BEGIN Records to use
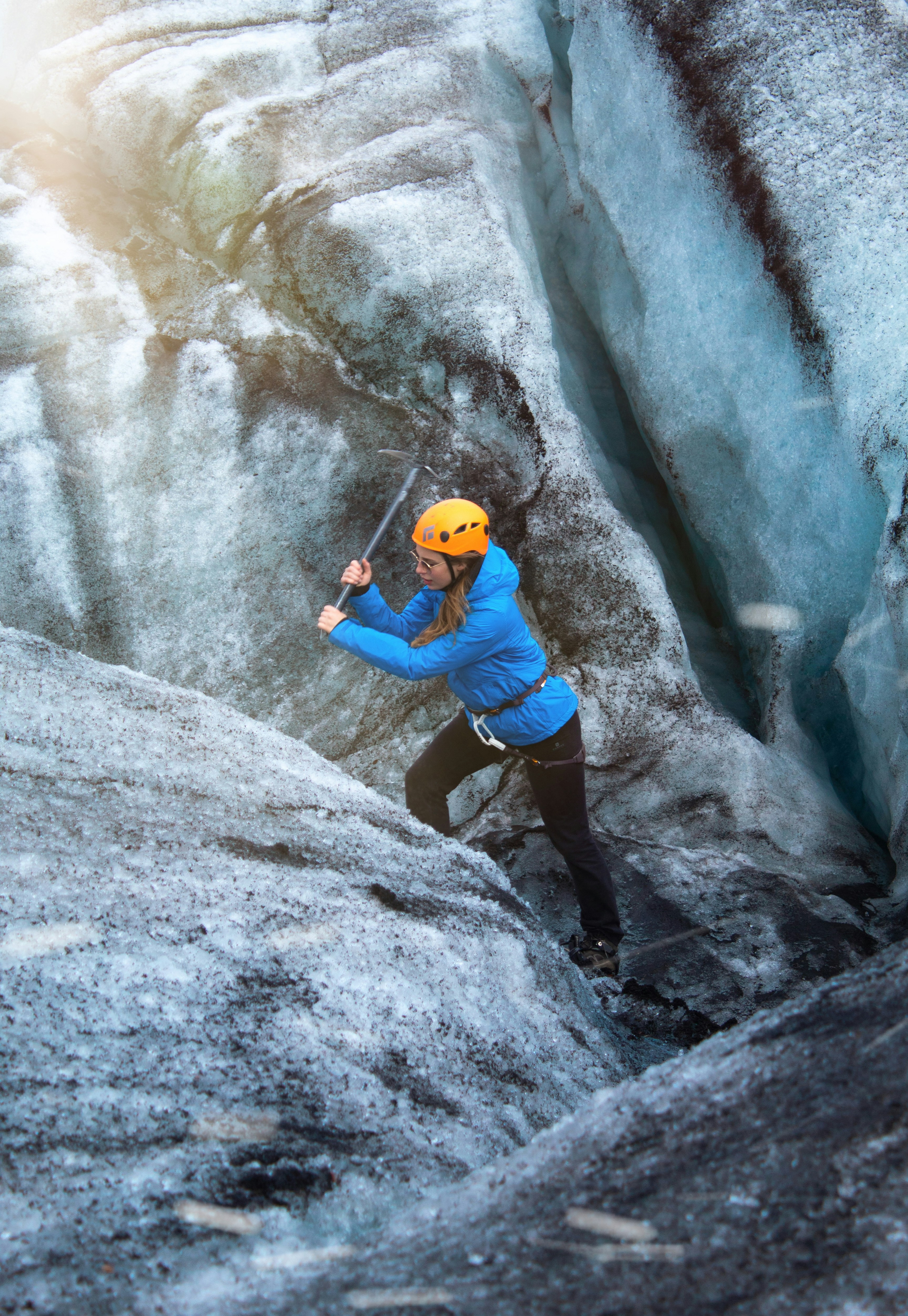 man in blue t-shirt climbing on gray rock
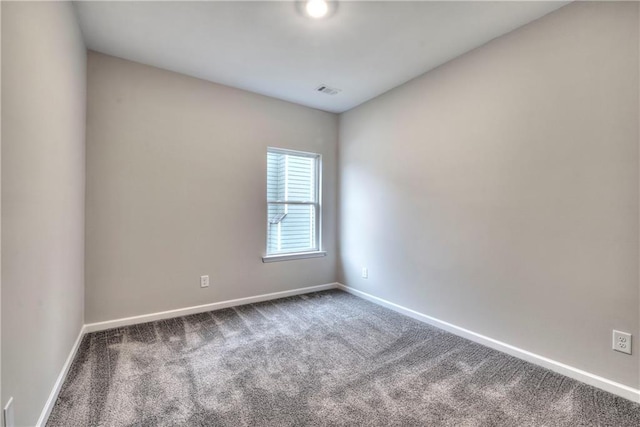 spare room featuring carpet flooring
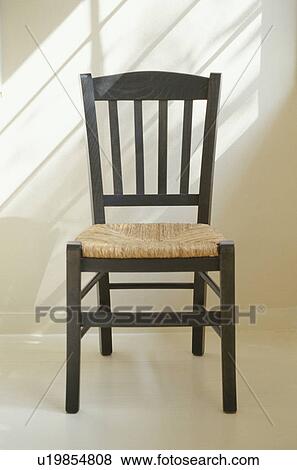 Stock Photo - Wooden chair with shadow from window. Fotosearch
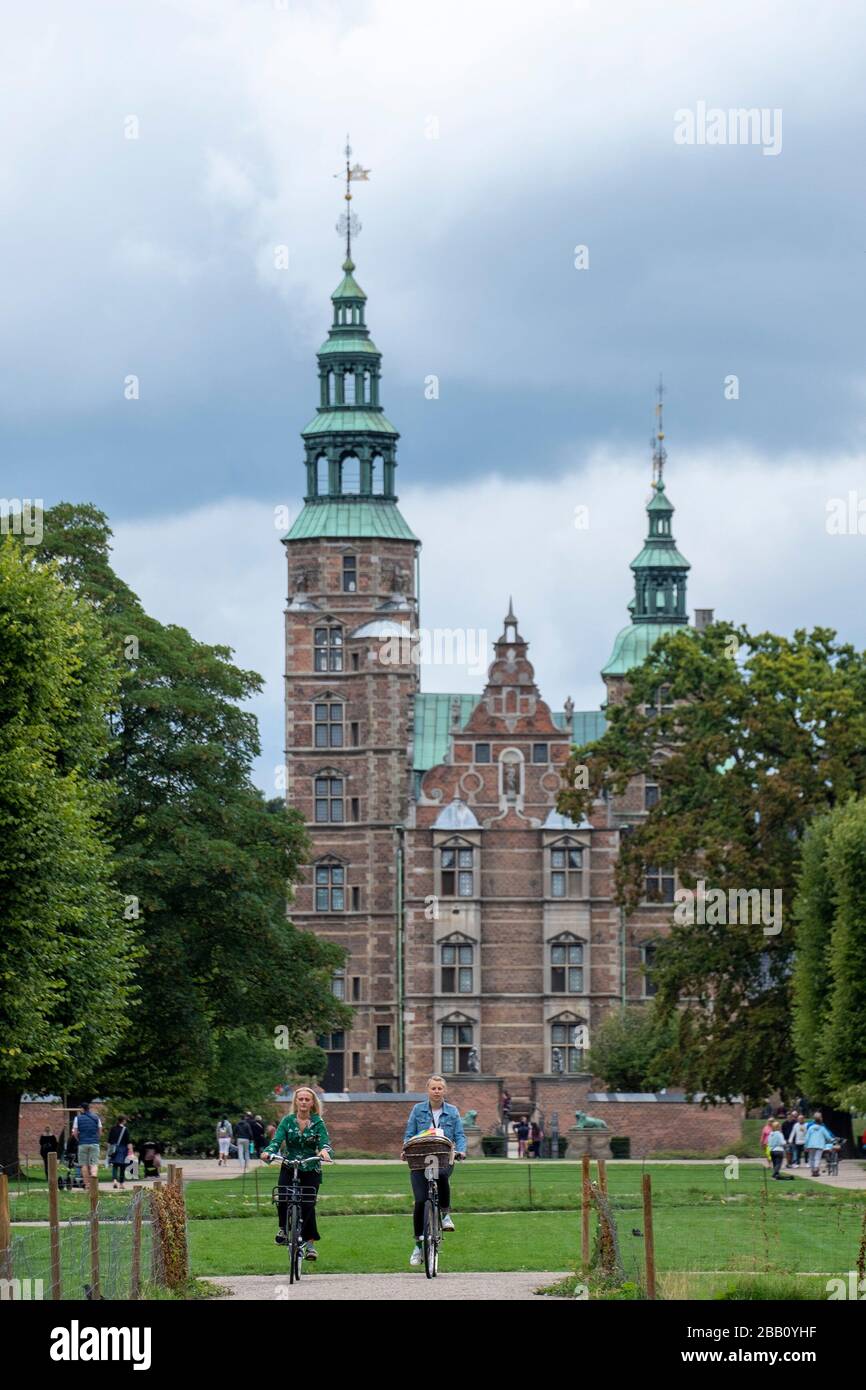 Zwei Radfahrer fahren mit dem Fahrrad vor dem Schloss Rosenborg in Kopenhagen, Dänemark, Europa Stockfoto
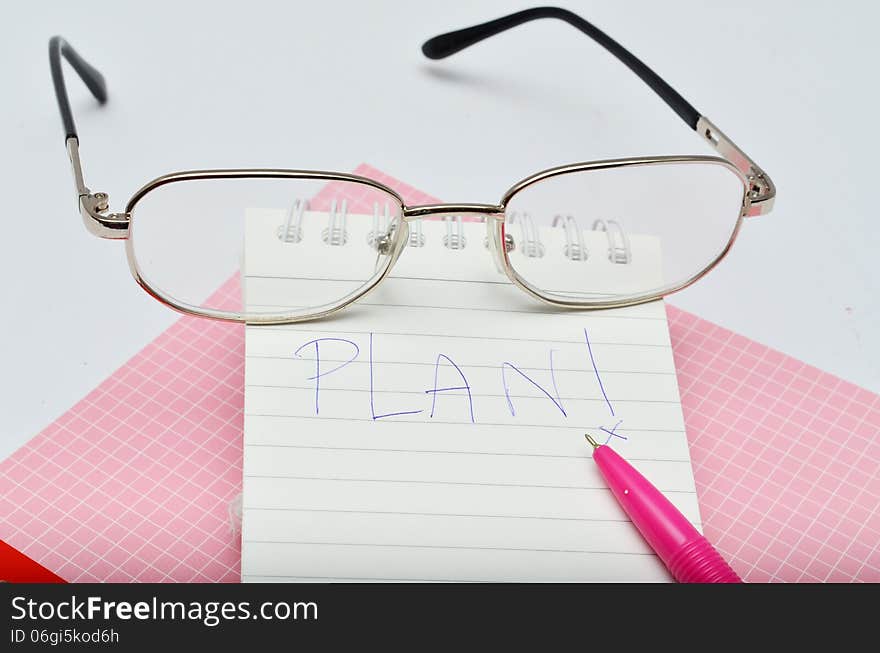 Word Plan messege on pink pen notebook with glasses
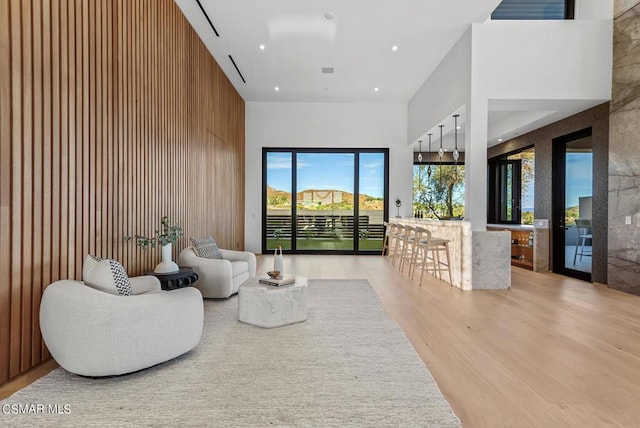 living room featuring light hardwood / wood-style flooring, wood walls, and a towering ceiling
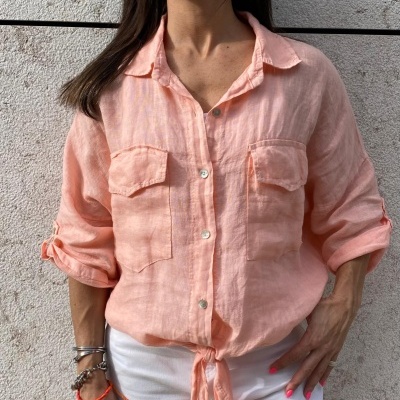 Camisa feminina rosa claro com botões e bolsos, mangas dobradas, amarrada na frente, calças brancas, parede clara ao fundo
END Records to use
● Exercise aim: Leave the pictures aside and print exactly, and only, the lines from the one with "Zwei Radfahrer fahren" through the end of the data, both included.

● Response area:
 Zwei Radfahrer fahren mit dem Fahrrad vor dem Schloss Rosenborg in Kopenhagen, Dänemark, Europa Stockfoto
 Word Plan messege on pink pen notebook with glasses
 living room featuring light hardwood / wood-style flooring, wood walls, and a towering ceiling
 Camisa feminina rosa claro com botões e bolsos, mangas dobradas, amarrada na frente, calças brancas, parede clara ao fundo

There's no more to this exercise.